Menyikapi Wacana Islam Radikalis

501 kali dibaca

Di era mutakhir ini, polemik perihal isu agama kembali menjadi atensi hangat di kanca nasional. Berbagai argumentasi bukan hanya diutarakan oleh kalangan minoritas atau kaum awam, pedalaman, yang sudah pasti lekat dengan budaya atau ritual turunan dari nenek moyang meraka. Tetapi, isu perihal agama tersebut sudah diperbincangkan justru menjadi bahan diskusi oleh kaum mayoritas, orang perkotaan, yang tentu pula memiliki banyak pemahaman tentang keyakinan dalam beragama.

Fenomena tersebut perlu disikapi secara bijak, seperti yang dilakukan oleh M Quraish Shihab, dengan memberikan jalan terang terhadap isu-isu agama yang semakin berkeliaran tak beraturan. Terkait problem yang mengguncang peradaban manusia dengan memanasnya persoalan agama, mufasir kebanggaan Indonesia ini mencoba menguraikannya dengan santai dalam buku barunya yang dicetak ulang dengan judul Islam yang Disalah-Pahami.

Advertisements

Dalam buku ini, M Quraish Shihab menjelaskan dan menyelesaikan problem agama dengan bijak tanpa menyalahkan orag-orang yang selalu berpadangan ekstrem terhadap agama yang dianutnya.

Seolah, dengan kehadiran buku ini, karangan ayah dari Najwa Shihab ini ingin menyampaikan pemahaman yang lugas dan memberikan ketegasan secara komprehensif, bahwa agama Islam adalah agama yang indah dan ramah terahadap agama lain.

Dalam buku ini, cendekiawan muslim tersebut ingin mengajak umat muslim untuk lebih mengenal dan mencintai Islam secara mendalam. Kehadiran buku ini ingin merokonsrtuksi paradigma pembaca tentang hiruk-pikuk isu-isu agama, khsusnya agama Islam yang mulai diadu domba.

Buku yang dicetak ulang ini, di dalamnya mencoba menguraikan masalah yang seringkali disematkan kepada Nabi Muhammad Saw terkait poligami yang lebih dari ketentuan Al-Quran. Isu ini sempat memanas di berbagai kalangan, termasuk yang memahami Islam sangat dangkal. Di sini, Quraish Shihab pun turut memberikan argumennya.

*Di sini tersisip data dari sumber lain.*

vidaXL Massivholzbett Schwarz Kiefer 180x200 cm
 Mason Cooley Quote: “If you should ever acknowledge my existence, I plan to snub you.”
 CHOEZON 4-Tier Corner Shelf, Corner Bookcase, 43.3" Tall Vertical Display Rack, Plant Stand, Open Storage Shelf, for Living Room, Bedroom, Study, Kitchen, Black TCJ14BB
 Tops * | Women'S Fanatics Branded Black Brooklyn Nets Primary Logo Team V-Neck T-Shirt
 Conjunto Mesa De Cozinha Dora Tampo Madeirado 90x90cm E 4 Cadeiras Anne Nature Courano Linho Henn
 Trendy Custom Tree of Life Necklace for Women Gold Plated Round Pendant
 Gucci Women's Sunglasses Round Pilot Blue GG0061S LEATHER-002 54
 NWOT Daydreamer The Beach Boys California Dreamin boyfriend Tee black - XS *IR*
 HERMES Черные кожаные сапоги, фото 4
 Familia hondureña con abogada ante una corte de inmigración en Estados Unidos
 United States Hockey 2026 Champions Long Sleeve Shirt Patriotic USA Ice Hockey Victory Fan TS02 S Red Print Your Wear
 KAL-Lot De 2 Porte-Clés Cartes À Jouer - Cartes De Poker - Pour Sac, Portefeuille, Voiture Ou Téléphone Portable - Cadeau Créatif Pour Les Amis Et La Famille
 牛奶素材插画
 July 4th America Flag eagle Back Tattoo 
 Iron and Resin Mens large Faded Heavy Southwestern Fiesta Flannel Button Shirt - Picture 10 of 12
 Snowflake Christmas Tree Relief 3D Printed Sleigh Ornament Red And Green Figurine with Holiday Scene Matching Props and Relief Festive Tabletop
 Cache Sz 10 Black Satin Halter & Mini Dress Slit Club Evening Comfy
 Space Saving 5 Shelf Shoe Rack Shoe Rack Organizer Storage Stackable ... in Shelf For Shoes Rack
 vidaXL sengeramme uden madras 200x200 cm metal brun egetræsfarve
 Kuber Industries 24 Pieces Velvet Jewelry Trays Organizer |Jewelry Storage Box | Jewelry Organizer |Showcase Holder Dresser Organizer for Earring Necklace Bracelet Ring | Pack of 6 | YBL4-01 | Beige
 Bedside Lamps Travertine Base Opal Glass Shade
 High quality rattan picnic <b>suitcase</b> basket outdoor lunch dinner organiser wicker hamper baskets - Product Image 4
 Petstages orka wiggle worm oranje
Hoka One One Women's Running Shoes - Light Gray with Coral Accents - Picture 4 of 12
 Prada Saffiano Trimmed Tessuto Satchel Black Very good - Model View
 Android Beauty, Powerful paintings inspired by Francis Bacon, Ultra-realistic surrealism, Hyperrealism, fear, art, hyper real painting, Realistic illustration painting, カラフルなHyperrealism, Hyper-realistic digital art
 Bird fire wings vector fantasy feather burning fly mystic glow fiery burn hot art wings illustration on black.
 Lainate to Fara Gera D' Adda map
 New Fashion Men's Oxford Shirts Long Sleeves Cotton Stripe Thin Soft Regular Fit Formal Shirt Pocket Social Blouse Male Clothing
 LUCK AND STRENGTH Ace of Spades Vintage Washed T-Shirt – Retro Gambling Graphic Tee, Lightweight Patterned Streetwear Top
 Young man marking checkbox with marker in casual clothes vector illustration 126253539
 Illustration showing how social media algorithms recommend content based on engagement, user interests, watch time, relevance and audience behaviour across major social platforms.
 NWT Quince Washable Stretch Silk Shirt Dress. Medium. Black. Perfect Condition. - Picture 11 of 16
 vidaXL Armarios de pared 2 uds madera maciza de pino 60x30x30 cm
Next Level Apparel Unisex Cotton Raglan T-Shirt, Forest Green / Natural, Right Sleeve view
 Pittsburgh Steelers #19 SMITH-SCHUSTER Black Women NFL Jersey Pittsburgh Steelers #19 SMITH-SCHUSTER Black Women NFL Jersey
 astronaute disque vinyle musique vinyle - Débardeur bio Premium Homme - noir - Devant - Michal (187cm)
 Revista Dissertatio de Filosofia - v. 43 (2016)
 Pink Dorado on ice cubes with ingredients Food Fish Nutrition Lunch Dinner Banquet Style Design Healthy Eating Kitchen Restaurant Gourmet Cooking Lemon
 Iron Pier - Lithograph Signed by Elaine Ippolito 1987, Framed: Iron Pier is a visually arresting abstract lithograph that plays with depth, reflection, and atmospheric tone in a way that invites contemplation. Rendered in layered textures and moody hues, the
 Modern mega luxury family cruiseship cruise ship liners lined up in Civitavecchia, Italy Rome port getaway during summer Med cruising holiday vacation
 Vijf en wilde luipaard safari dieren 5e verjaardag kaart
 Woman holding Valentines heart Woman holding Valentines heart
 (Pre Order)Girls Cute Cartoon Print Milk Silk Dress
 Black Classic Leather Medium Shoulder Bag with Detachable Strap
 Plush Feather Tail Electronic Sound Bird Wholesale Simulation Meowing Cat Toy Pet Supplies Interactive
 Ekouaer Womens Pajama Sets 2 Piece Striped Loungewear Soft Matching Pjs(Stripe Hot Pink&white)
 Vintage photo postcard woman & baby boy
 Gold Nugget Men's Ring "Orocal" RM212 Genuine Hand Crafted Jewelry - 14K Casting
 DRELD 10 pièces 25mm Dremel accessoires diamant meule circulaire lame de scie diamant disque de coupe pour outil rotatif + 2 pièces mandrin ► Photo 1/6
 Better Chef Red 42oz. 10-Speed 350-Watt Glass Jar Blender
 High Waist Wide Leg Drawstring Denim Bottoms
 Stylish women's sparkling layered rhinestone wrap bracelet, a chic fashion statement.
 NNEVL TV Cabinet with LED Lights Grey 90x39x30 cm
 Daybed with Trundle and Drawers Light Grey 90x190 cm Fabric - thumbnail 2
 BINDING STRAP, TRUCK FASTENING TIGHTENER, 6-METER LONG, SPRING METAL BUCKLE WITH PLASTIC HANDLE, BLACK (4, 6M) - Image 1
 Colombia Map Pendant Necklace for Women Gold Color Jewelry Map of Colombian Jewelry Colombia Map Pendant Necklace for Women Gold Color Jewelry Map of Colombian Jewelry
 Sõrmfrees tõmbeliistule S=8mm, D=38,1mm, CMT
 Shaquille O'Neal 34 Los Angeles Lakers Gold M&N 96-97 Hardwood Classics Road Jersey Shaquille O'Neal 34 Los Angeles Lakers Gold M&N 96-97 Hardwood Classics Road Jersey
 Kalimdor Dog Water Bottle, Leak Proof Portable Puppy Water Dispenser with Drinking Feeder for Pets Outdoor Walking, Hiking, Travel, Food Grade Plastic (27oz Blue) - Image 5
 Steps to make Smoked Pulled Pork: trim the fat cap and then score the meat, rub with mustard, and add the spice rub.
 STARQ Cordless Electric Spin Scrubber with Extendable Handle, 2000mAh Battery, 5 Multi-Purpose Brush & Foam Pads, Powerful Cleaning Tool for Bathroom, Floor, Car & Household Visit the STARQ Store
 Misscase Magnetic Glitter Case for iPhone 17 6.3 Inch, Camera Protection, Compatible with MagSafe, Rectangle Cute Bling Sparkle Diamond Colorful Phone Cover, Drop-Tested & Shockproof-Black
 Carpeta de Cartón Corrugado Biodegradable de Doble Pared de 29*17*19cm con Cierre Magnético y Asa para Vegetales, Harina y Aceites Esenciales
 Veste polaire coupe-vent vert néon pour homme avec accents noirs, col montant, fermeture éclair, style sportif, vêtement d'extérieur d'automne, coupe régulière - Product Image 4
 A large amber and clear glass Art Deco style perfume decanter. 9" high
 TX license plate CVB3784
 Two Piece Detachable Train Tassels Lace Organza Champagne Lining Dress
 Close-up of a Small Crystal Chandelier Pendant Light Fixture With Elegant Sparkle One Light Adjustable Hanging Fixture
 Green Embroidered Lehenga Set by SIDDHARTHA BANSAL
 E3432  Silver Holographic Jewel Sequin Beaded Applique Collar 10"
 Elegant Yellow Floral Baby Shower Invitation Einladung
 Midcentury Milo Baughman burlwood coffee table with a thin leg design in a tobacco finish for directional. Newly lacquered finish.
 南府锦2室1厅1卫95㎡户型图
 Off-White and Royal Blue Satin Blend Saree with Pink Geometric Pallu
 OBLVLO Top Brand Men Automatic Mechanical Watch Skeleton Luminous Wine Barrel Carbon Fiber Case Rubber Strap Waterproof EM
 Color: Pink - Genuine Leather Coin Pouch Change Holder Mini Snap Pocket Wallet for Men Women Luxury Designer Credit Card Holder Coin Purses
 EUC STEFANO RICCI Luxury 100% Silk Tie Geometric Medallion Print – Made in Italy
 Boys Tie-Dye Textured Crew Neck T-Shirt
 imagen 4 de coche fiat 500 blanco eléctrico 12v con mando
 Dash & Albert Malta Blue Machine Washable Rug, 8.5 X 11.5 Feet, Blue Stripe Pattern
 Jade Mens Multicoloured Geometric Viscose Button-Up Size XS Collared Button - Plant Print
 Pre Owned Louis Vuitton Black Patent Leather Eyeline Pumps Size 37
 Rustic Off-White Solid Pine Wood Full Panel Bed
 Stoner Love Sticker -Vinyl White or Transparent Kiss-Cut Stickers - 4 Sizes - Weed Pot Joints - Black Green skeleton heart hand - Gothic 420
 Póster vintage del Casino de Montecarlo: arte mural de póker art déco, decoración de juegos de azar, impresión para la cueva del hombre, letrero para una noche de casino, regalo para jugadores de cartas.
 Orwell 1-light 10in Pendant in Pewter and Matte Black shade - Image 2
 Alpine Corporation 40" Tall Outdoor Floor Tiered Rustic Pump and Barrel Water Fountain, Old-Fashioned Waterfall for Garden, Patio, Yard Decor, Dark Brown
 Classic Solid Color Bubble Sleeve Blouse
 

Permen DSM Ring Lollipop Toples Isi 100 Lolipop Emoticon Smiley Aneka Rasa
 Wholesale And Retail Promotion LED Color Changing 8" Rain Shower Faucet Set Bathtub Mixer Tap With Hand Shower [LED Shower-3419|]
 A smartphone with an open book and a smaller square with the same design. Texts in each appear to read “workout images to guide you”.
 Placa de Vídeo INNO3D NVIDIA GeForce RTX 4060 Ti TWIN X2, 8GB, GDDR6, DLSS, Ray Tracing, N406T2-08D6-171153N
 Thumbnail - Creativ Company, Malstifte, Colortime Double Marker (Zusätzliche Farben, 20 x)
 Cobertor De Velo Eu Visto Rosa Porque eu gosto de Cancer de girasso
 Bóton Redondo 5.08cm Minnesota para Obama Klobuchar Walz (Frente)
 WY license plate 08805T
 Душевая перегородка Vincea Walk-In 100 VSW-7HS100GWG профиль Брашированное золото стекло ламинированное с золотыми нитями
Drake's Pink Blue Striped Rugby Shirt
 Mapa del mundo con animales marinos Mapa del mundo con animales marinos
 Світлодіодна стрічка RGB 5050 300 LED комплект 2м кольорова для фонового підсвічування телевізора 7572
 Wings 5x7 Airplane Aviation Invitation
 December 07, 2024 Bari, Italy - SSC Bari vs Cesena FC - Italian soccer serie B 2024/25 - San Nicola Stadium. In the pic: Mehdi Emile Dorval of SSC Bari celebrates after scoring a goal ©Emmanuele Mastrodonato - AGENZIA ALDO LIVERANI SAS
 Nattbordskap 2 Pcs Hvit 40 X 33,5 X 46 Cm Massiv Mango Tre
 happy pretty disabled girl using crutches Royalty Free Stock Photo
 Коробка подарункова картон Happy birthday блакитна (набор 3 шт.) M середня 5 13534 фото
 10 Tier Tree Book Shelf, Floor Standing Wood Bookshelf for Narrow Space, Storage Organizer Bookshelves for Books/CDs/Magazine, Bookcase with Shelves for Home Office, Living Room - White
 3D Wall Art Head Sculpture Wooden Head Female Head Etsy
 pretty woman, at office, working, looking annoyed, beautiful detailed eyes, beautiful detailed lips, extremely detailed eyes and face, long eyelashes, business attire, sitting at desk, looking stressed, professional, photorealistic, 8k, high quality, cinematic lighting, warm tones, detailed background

Menurut Quraish Shihab dalam buku bercover merah ini, Nabi berpoligami lebih dari empat istri, bukan karena dorongan syahwat atau nafsu biologisnya, melainkan Nabi menikah sampai sebelas istri memiliki tujuan dan misi dakwah. Seperti ketika Nabi menikahi janda Sayyidah Ummu Habibah Ramlah putri Abu Sufyan, yang ayahnya sendiri sangat membenci Nabi, namun pada akhirnya kebencian itu meredam ketika Nabi sudah menikahi putrinya.